| TASK INSTRUCTIONS |
Reproduce every record below, character by character.

| DATA LISTING |
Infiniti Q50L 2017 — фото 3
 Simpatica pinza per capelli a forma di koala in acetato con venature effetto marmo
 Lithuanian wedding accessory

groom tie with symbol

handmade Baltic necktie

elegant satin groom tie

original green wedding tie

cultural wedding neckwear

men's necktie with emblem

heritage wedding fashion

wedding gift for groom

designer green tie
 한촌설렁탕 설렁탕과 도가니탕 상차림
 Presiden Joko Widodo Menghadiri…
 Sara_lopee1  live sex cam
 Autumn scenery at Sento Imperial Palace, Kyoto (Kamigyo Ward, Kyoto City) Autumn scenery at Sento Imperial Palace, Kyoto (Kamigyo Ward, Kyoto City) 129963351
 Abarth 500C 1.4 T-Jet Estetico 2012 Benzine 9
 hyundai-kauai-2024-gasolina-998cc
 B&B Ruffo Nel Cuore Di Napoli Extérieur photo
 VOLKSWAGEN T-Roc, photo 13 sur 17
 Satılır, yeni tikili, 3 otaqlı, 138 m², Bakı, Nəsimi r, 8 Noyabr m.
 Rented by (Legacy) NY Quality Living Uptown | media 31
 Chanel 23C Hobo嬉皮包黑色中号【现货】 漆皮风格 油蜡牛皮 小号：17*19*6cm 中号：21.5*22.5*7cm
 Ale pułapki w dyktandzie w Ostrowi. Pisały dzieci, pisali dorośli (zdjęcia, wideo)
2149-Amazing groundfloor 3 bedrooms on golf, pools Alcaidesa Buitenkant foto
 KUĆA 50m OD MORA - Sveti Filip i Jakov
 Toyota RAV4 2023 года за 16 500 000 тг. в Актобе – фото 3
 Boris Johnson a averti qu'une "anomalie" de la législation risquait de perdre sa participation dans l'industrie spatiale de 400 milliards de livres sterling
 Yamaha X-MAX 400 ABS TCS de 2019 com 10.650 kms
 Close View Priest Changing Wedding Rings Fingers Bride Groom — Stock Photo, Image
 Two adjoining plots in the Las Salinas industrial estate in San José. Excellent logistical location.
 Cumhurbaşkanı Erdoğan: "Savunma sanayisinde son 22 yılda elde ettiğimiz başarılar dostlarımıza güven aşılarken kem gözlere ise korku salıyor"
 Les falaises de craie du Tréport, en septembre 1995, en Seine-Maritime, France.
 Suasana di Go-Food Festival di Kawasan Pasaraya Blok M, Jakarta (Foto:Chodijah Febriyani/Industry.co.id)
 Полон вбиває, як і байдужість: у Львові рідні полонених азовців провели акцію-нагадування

| EXERCISE ANSWER |
Infiniti Q50L 2017 — фото 3
 Simpatica pinza per capelli a forma di koala in acetato con venature effetto marmo
 Lithuanian wedding accessory

groom tie with symbol

handmade Baltic necktie

elegant satin groom tie

original green wedding tie

cultural wedding neckwear

men's necktie with emblem

heritage wedding fashion

wedding gift for groom

designer green tie
 한촌설렁탕 설렁탕과 도가니탕 상차림
 Presiden Joko Widodo Menghadiri…
 Sara_lopee1  live sex cam
 Autumn scenery at Sento Imperial Palace, Kyoto (Kamigyo Ward, Kyoto City) Autumn scenery at Sento Imperial Palace, Kyoto (Kamigyo Ward, Kyoto City) 129963351
 Abarth 500C 1.4 T-Jet Estetico 2012 Benzine 9
 hyundai-kauai-2024-gasolina-998cc
 B&B Ruffo Nel Cuore Di Napoli Extérieur photo
 VOLKSWAGEN T-Roc, photo 13 sur 17
 Satılır, yeni tikili, 3 otaqlı, 138 m², Bakı, Nəsimi r, 8 Noyabr m.
 Rented by (Legacy) NY Quality Living Uptown | media 31
 Chanel 23C Hobo嬉皮包黑色中号【现货】 漆皮风格 油蜡牛皮 小号：17*19*6cm 中号：21.5*22.5*7cm
 Ale pułapki w dyktandzie w Ostrowi. Pisały dzieci, pisali dorośli (zdjęcia, wideo)
2149-Amazing groundfloor 3 bedrooms on golf, pools Alcaidesa Buitenkant foto
 KUĆA 50m OD MORA - Sveti Filip i Jakov
 Toyota RAV4 2023 года за 16 500 000 тг. в Актобе – фото 3
 Boris Johnson a averti qu'une "anomalie" de la législation risquait de perdre sa participation dans l'industrie spatiale de 400 milliards de livres sterling
 Yamaha X-MAX 400 ABS TCS de 2019 com 10.650 kms
 Close View Priest Changing Wedding Rings Fingers Bride Groom — Stock Photo, Image
 Two adjoining plots in the Las Salinas industrial estate in San José. Excellent logistical location.
 Cumhurbaşkanı Erdoğan: "Savunma sanayisinde son 22 yılda elde ettiğimiz başarılar dostlarımıza güven aşılarken kem gözlere ise korku salıyor"
 Les falaises de craie du Tréport, en septembre 1995, en Seine-Maritime, France.
 Suasana di Go-Food Festival di Kawasan Pasaraya Blok M, Jakarta (Foto:Chodijah Febriyani/Industry.co.id)
 Полон вбиває, як і байдужість: у Львові рідні полонених азовців провели акцію-нагадування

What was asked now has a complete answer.